What Is Working Temperament?
This is the first of a three part series that discusses the role of working temperament in a breeding program.
Like most breeds, the Belgian Shepherd was developed with a purpose in mind. The original Belgian was a mid-sized, all purpose, generic farm dog. His duties included herding, carting, protection and general companionship. Today's dog has retained many of the characteristics and working qualities necessary in a working dog. The loyal, intense, courageous dog of the farm still exists in some of our dogs, and we see these traits displayed in both working trials and in "real" working situations.
Today, few people use their dogs for herding or general farm work. Most breeding programs focus on producing typey, healthy dogs with good structure and sound temperaments. Depending on the breeder, these goals will be prioritized differently. On one end of the spectrum one would find the "pure" show breeder, who aims only to produce a dog of beauty according to its standard. On the other end of the spectrum is the "pure" working breeder whose primary goal is a finely tuned one-sport performance animal for herding, protection, or any other sport with practical applications. Most breeders fall in between, with varying degrees of emphasis being given to the different possibilities.
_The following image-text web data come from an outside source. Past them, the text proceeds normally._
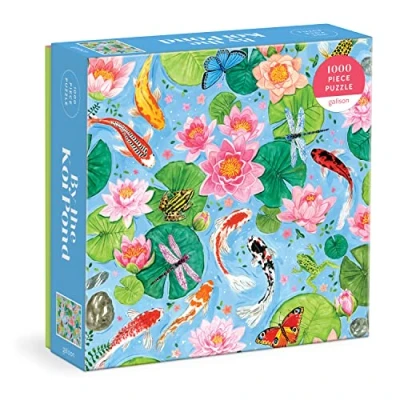 Bild av By The Koi Pond 1000 Piece Puzzle In Square Box
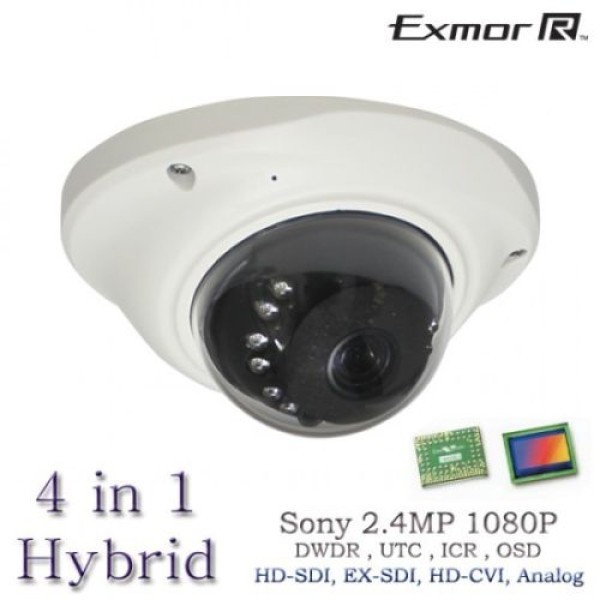 Mini Vandal IR Camera HD SDI, HD EX-SDI, HD CVI OSD DWDR UTC 3.6mm 12V DC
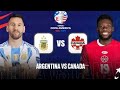 Argentina vs Canada 2 -0 .Copa America 2023 Semi-final highlights.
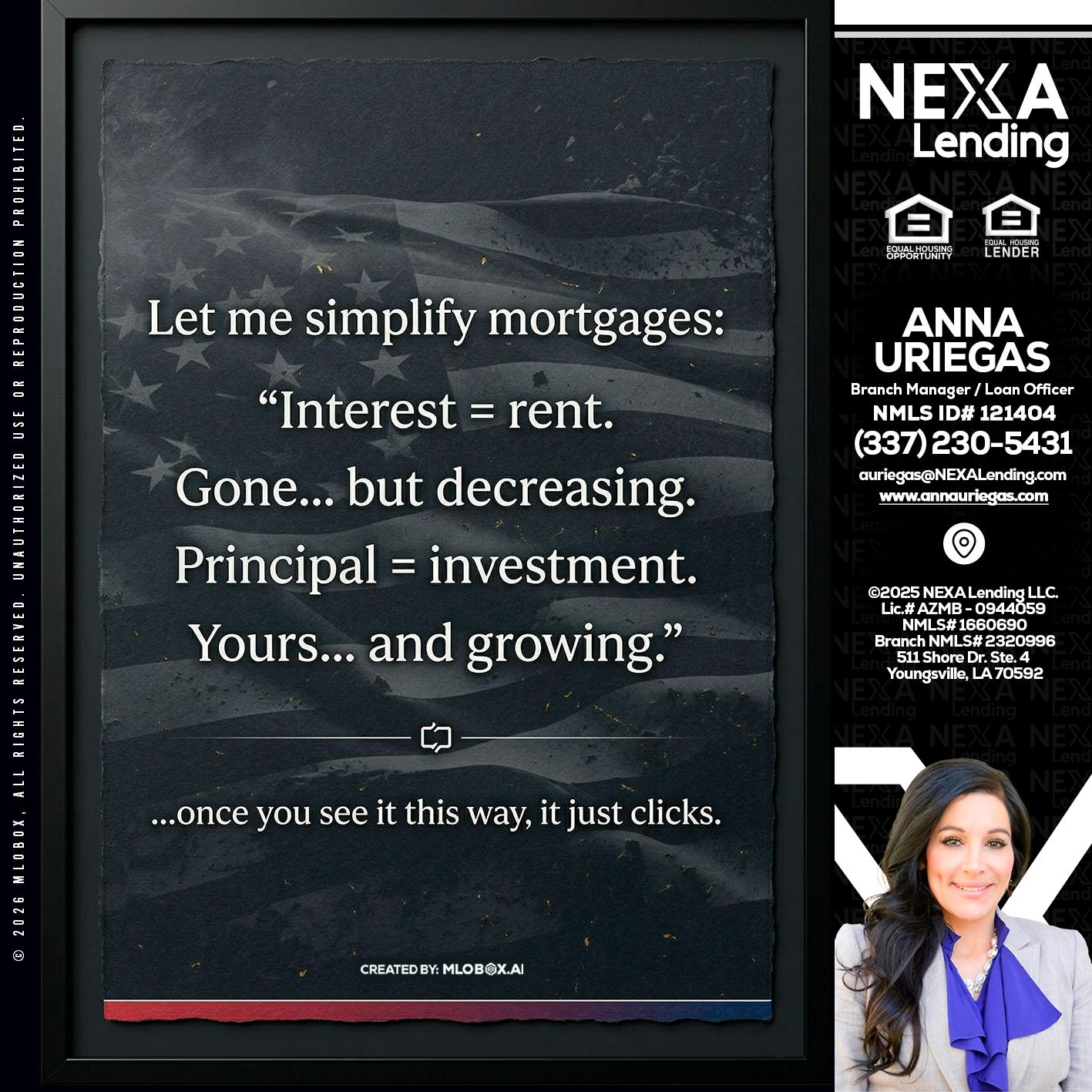 LET ME SIMPLIFY - Anna Uriegas -Loan Officer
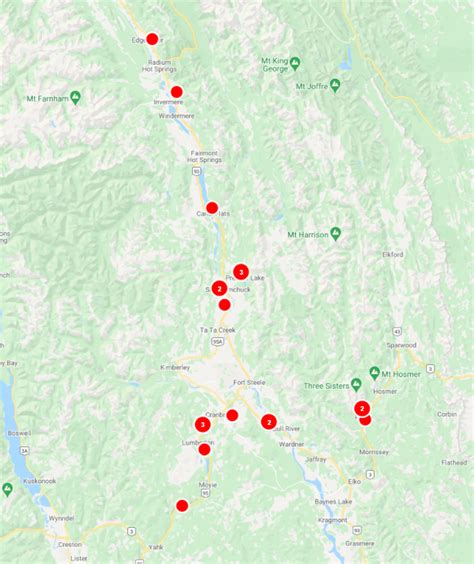 Bc Hydro Reports A Number Of Power Outages Across The Region My East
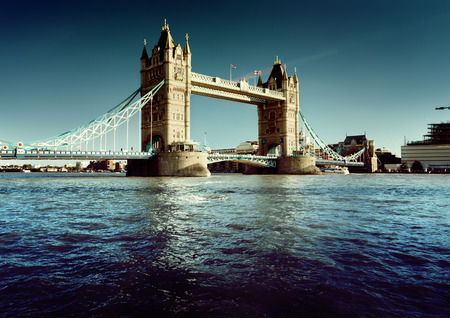 Tower Bridge in London, UKの写真素材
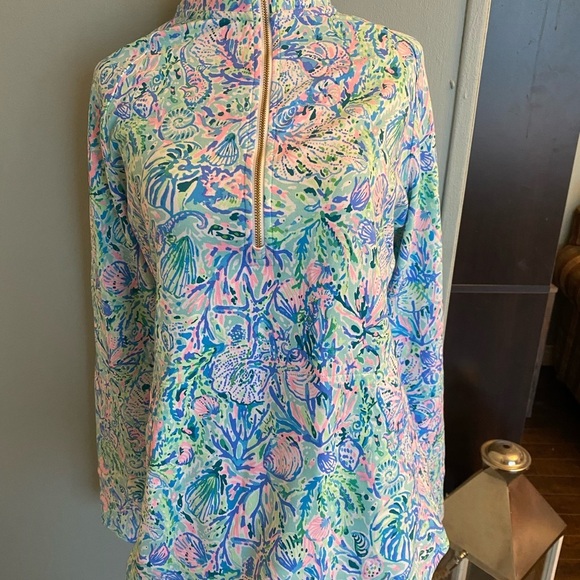 Lily Pulitzer 1/2 zip Popover Beach Skipper Shells Starfish Pullover - Picture 9 of 12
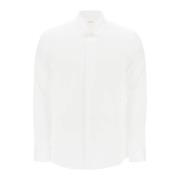 Valentino Stud Detaljerad Skjorta med Krökt Nederkant White, Herr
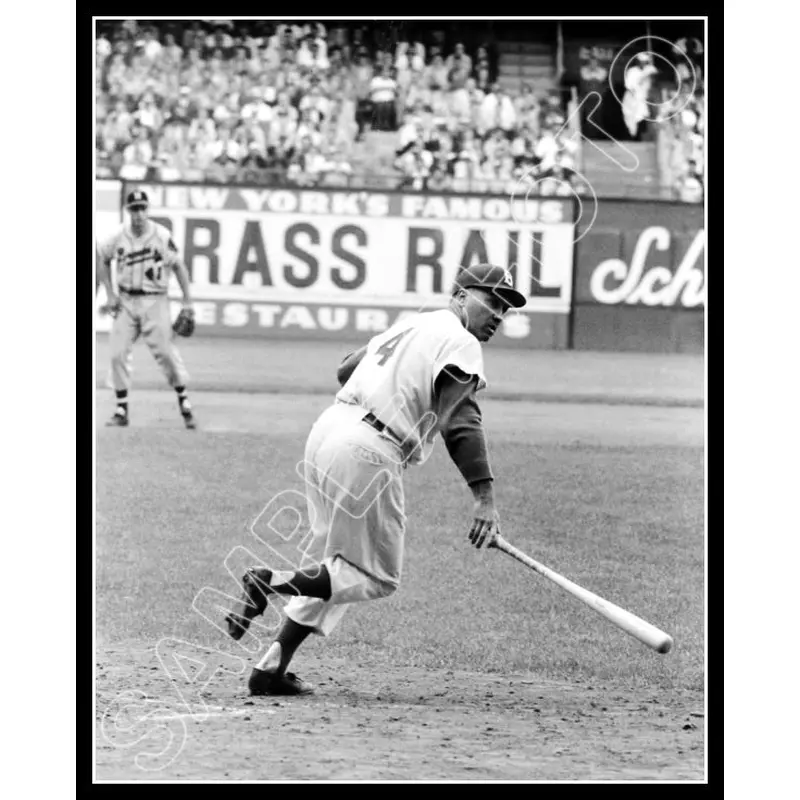Duke Snider Eddie Mathews 8X10 Photo - 1956 Dodgers Braves - 2059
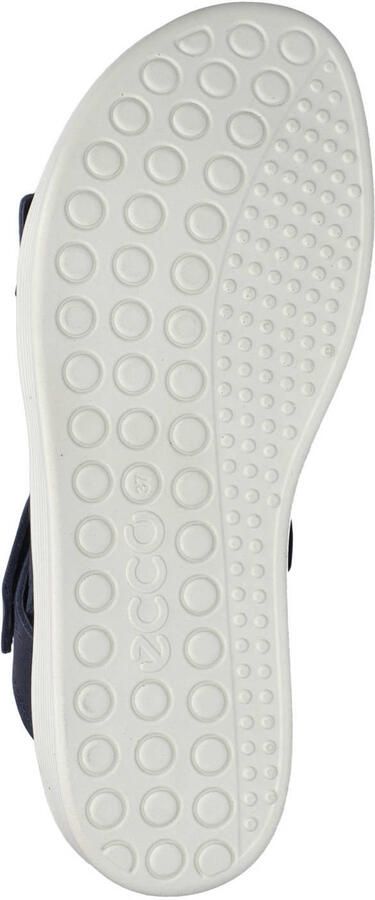 Ecco Soft suède sandalen donkerblauw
All across the spectrum, however, there are active discussions and
debates over the correct "temperament" that a Belgian Shepherd should
possess. The UKC standard describes them as follows:
The Belgian Shepherd Dog was developed in Belgium as a herding dog to work sheep. He is enthusiastic and remarkably quick. He shows a natural tendency to be in motion. The Belgian was developed for endurance. He must be able to move and tend the flock all day and to guard it from all invaders. In addition to his inborn ability as guardian of the flocks, he is an exceptional watchdog and a tenacious and brave defender of his master and family. He is vigilant, and highly responsive to his owner's direction. He is alert, intelligent and inquisitive. While he is firmly loyal to those he knows and loves, he typically exhibits reserve with strangers.
Working temperament describes qualities that assist in a practical application, for example, SAR, protection or herding work. These are the qualities that make a dog both capable of working and intrinsically compelled to work.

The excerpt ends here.